AIM OF THE TASK
Retype nothing except the lines below from the one with "했길래..놀라운 동안 미모" through the one with "kleines Bad mit Dusche", exactly, with images left out.

SUPPLIED ENTRIES
━━━━━━

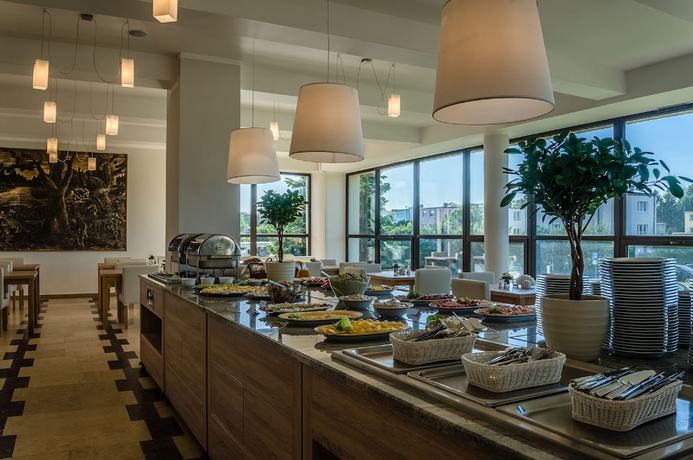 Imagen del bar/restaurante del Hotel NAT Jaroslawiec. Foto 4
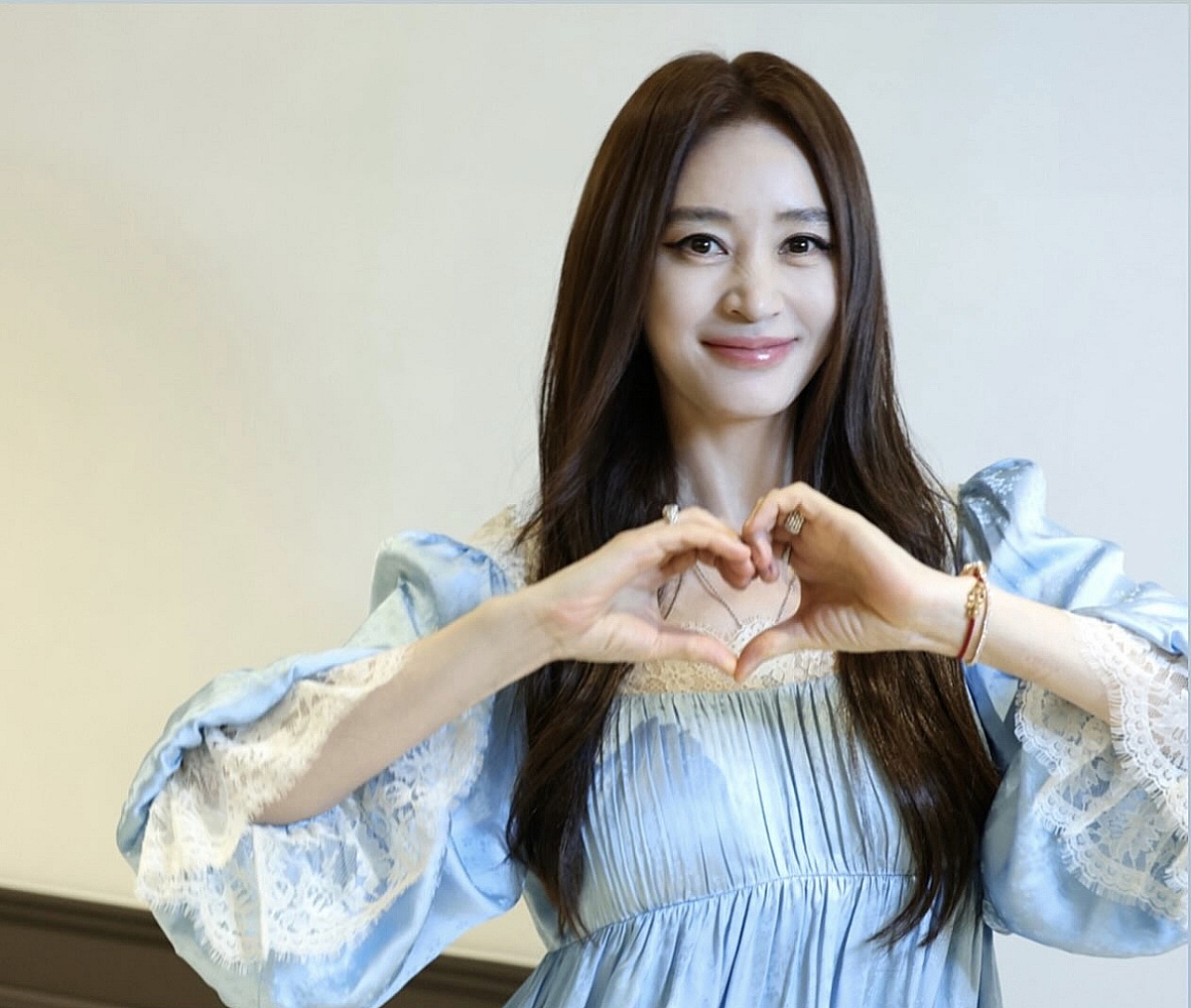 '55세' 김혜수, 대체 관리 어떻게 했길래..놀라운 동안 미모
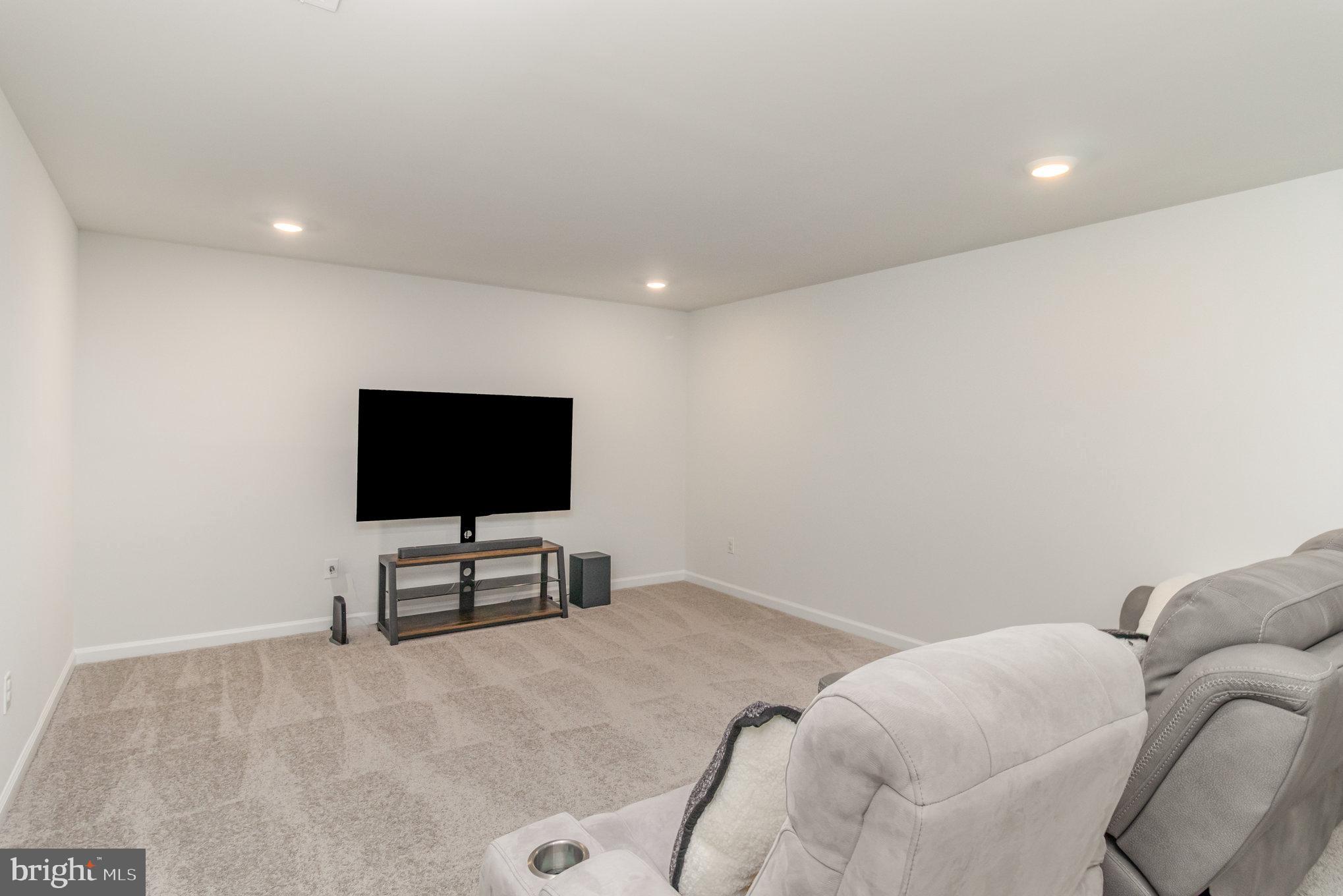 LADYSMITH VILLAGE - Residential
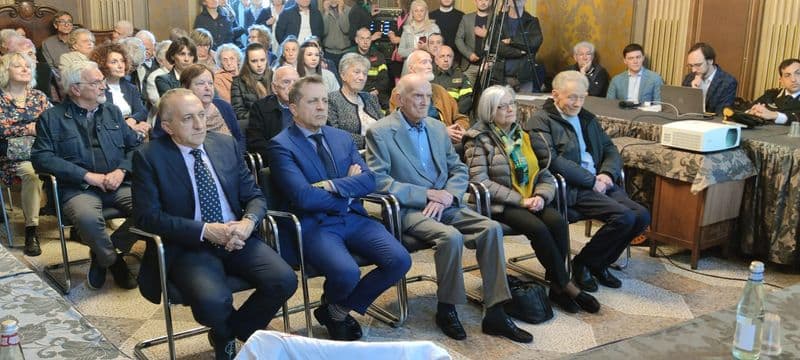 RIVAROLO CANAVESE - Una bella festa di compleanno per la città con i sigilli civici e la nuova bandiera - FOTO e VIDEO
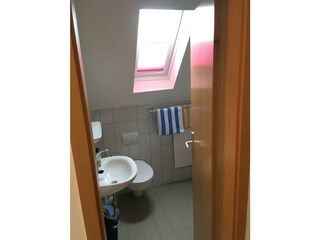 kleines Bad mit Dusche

━━━━━━

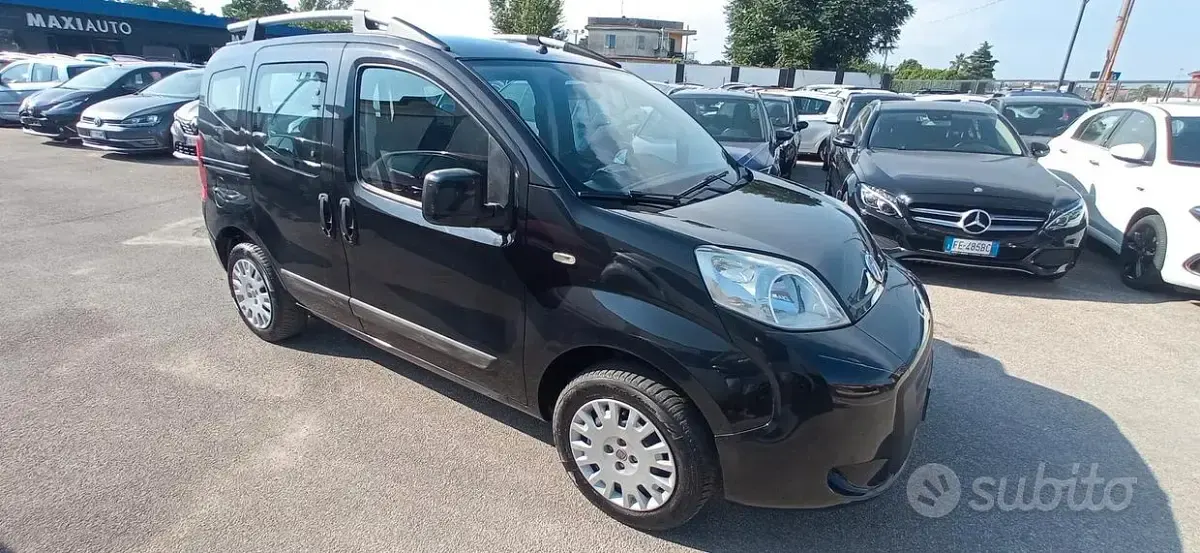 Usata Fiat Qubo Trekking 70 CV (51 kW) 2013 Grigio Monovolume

━━━━━━

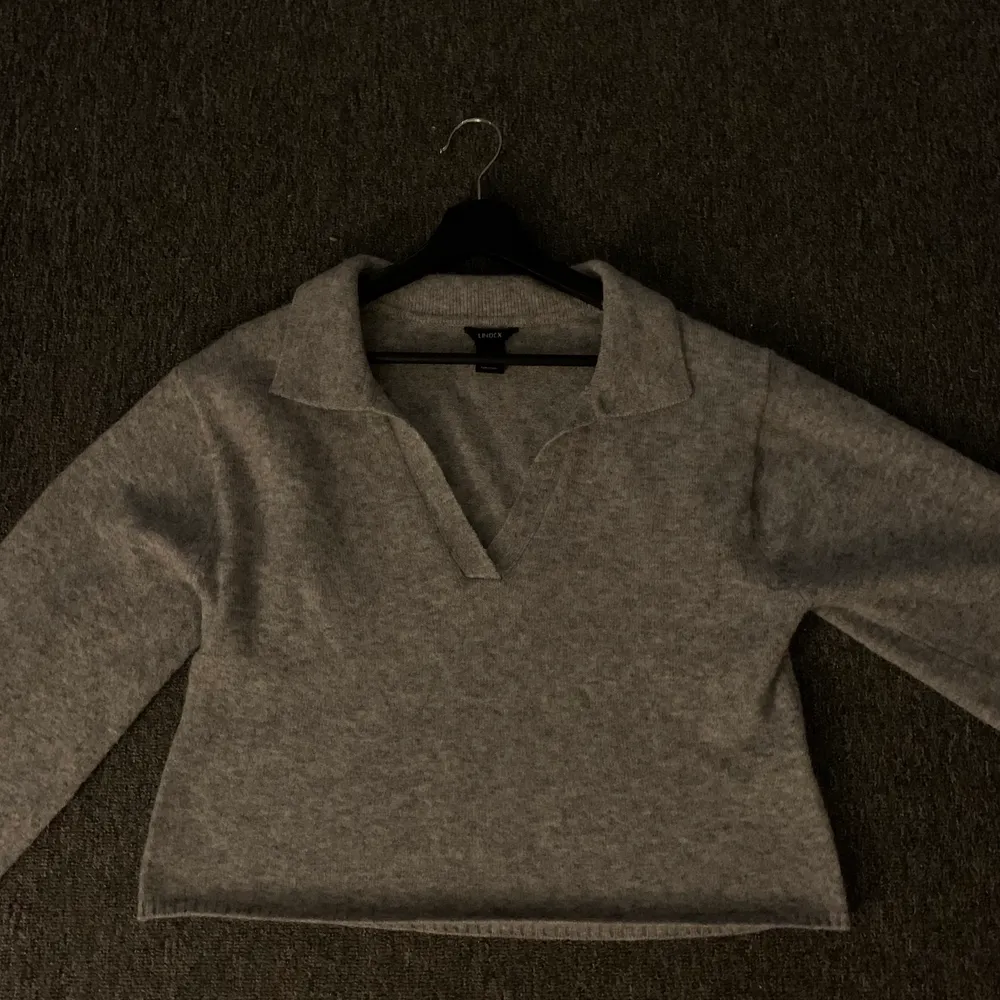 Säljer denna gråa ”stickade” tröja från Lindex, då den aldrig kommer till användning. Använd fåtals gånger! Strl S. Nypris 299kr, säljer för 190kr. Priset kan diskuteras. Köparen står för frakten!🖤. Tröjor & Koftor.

━━━━━━

FINAL ANSWER
 '55세' 김혜수, 대체 관리 어떻게 했길래..놀라운 동안 미모
 LADYSMITH VILLAGE - Residential
 RIVAROLO CANAVESE - Una bella festa di compleanno per la città con i sigilli civici e la nuova bandiera - FOTO e VIDEO
 kleines Bad mit Dusche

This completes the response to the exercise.